On February 17, Amazon President Jeff Bezos announced his intention to allocate $10 billion from his Bezos Earth Fund to countering climate change. This new initiative immediately triggered heated debate in environmental circles in the United States and the world in general. Apart from the huge sum sacrificed for combatting climate change, this initiative attracted special attention because of the US domestic political agenda. At a time when President Trump’s critics blame him for ignoring the global climate agenda, it is private business initiatives that could replace apathy and even the efforts of the state to parry new climate challenges.
Since Bezos described the fields in which he intends to spend these billions only in a broad outline, the public debate that followed his announcement largely centered on how this money would be spent and what the priorities would be. Climate justice was emphasized, a theme that is not new and is being discussed more openly in the US and the rest of the world. The US press has published several appeals to Bezos to concentrate on creating a network of institutes for climate justice both at the national and the international levels rather than on ordinary environmental measures.
The arguments of the supporters of this concept are clear enough. Since climate change is a high priority for humankind in general, sanctions for violating climate justice must be considered a priority rather than be allowed to sink into a quagmire of ordinary courts for general jurisdiction. It would be necessary in this context to seriously upgrade the skills of judges, prosecutors, investigators and attorneys on climatic and environmental issues with a view to forming a highly professional community of lawyers that are well versed not only in legal matters but also in environmental issues and disputes. Bezos’s billions would be well used in the creation of a new community of climate-versed lawyers (university programs, upgrade courses, manuals with guidelines and case reviews). If this prospect is viewed on a global scale, expenses on creating climate chambers at existing international or commercial courts would be enormous. In addition, the implementation of the idea of specialized climate justice would likely require versatile lobbying both at home and abroad and the creation of the necessary public support globally. These goals would also call for substantial funds. Moreover, climate justice could only be effective if every contract, with even the smallest connection to the environment, contains a section on requiring the parties to refer any environmental issue to a specialized climate court. Efforts to encourage entrepreneurs to follow this (and probably to organize a boycott of those that do not follow these rules) would be quite a burden on lobby and PR resources.
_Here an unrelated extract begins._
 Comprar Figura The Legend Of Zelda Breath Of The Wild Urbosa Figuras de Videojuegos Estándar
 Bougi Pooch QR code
The formation of climate justice could follow, for example, the model of sports justice that has established itself over the past two or three decades. Those who created it also worked to shape the needed public opinion and were involved in lobbying. Their goal was to legalize the provisions that sports is a specialized field of human endeavor which is different from common civil law and requires not only special regulations but also special justice at the global level (on the issues of sports contracts, doping, specificities of human rights in sports, etc.). As a result, the Court of Arbitration for Sport in Lausanne has recently become by default the only judicial authority for sports disputes. The overwhelming majority of participants and international sports competition organizers agree to take any dispute to the court in Lausanne rather than courts of general jurisdiction. The forming of a community of sports lawyers took place in parallel with the growing importance of this court. Over the past few years, high-profile anti-doping cases have led to the development of special units in the World Anti-Doping Agency (WADA) and other sports organizations. These units investigate suspected violations. They are increasingly acquiring quasi-investigative functions and are to receive funding and opportunities for their own operational activity similar to that of the police and the prosecutor’s office.
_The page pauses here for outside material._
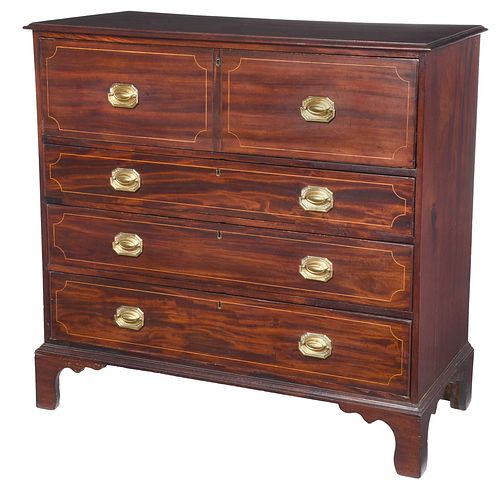 RARE CHARLESTON FEDERAL INLAID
Incidentally, this experience in sports shows that a separate system of justice cannot be effective without its own investigating body. Ideally, it should have similar authority to the police. Therefore, climate justice would need a special climate investigation unit or climate police. In fact, many countries already have government environmental oversight bodies. Some countries also sanction the right to conduct operational activity. However, the supporters of climate justice believe that this is just the first step in creating a new system.
There is debate on a separate issue: should climate justice be related to the state or to arbitration? Of course, by virtue of its authority the state can provide more legitimate enforcement machinery to support climate justice. But if government bodies do not want to review environmental issues without bias and as a priority (everything again revolves around criticism of Trump in this context), it is risky to leave climate justice up to the state. Thus, it might be more effective to have an independent system of climate justice, courts of arbitration and independent investigation bodies for climate issues. The state would lose its monopoly on coercion and its sovereignty would be eroded. However, the bottom line is that global problems are more important than the erosion of sovereignty.
In international climate justice the concept of arbitration that is independent of intergovernmental organizations is playing a greater role. In another reference to sports justice, formally, the International Olympic Committee is an NGO with a system of sports justice that functions independently of a state.
To sum up, Bezos’s announcement to allocate billions of dollars for the good cause of countering climate change almost instantly triggered heated debate on how to spend it. The theme of climate justice has quickly become one of the most pointed and provocative ideas. It might also have been the most ambitious of all the proposals.